勝敗は始まる前から決している。あとは愚かな国が、どのような無様な最期を迎えるかを見届けるだけ。
皇帝の勅命は、直ちに帝国全土へと伝達された。
ガルヴァニア帝国はシュヴァルツ辺境伯ギルバートを対エルミール戦の総大将として正式に任命。彼に国境地帯における全権を委任した。
その報せがシュヴァルツ砦に届いた時、ギルバートはすでに出撃の準備を終えていた。
砦の中庭には、黒一色の鎧に身を固めた五百の精鋭騎士たちが静かに整列している。その一人一人の顔には緊張感と共に、絶対的な勝利への確信が浮かんでいた。

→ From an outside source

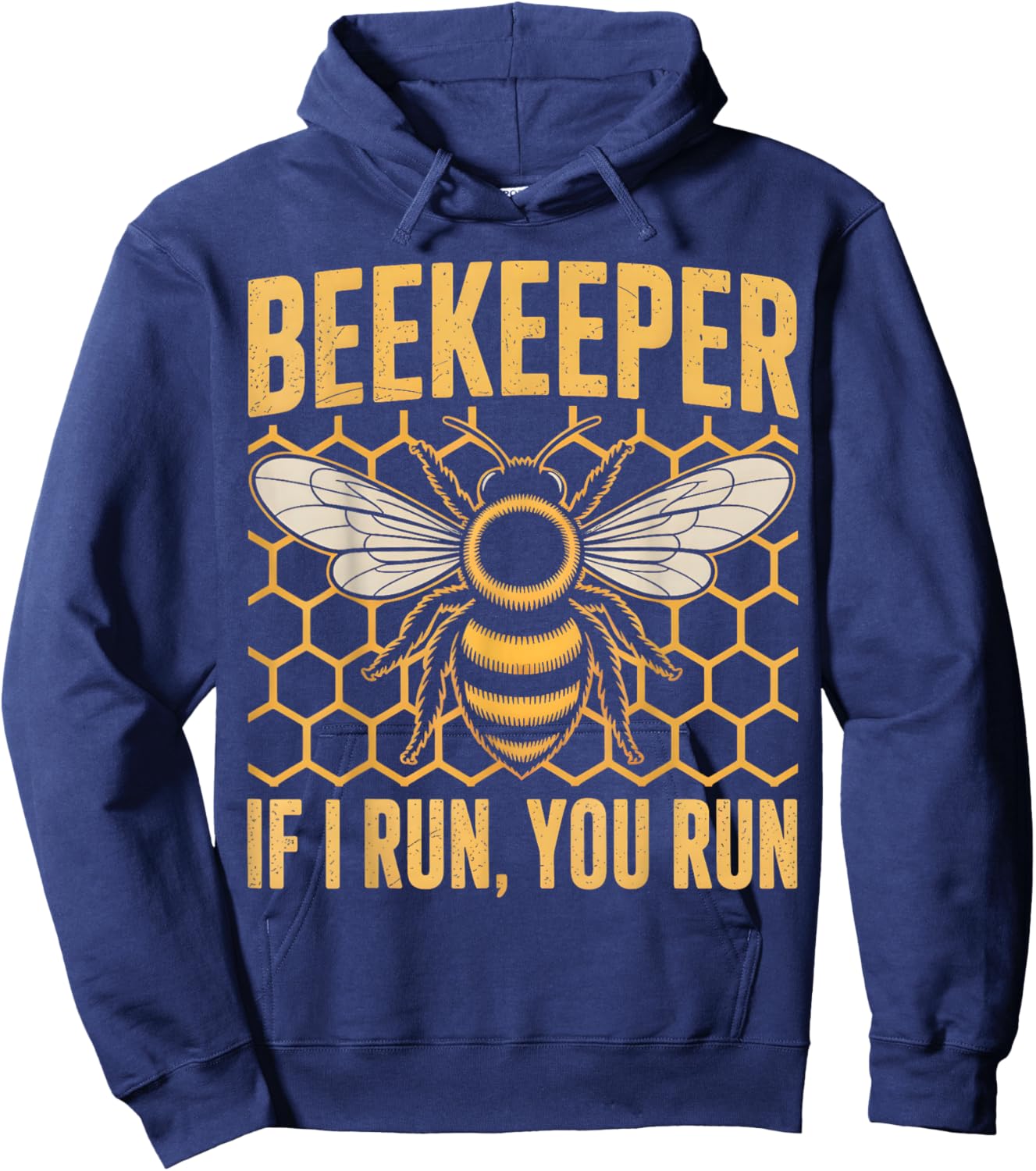 Beekeeper If I Run You Run Funny Bee Hive Hoodie - Hoodie | Navy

彼らは知っている。自分たちの主がどれほど偉大な指揮官であるかを。
そして自分たちが守るべきもののために、どれほどの力を発揮できるかを。
ギルバートは兜を被る前に、一度だけリリアンナがいるであろう城館の窓を見上げた。
(待っていてくれ、リリアンナ)
心の中で彼は静かに語りかけた。
(お前が愛したこの穏やかな場所を、俺が必ず守り抜いてみせる)
彼は兜を深く被ると、愛馬ナイトメアに跨った。
そして抜き放った長剣を天に掲げ、騎士団に向かって高らかに叫んだ。
「出撃だ! エルミールの愚か者どもに帝国の鉄槌を! 我らが正義を、見せつけてやれ!」
「「「おおおおお!」」」
五百の雄叫びが、冬の空に木霊した。
エルミール王国、一万の軍勢。
対するシュヴァルツ騎士団、五百。
圧倒的な数の差。しかし、その戦いの結末を疑う者は帝国側には誰一人としていなかった。
黒騎士が率いる帝国最強の刃。
その刃が今、自らの巣を荒らそうとする愚かな侵略者を一片残らず切り刻むために、静かに動き始めた。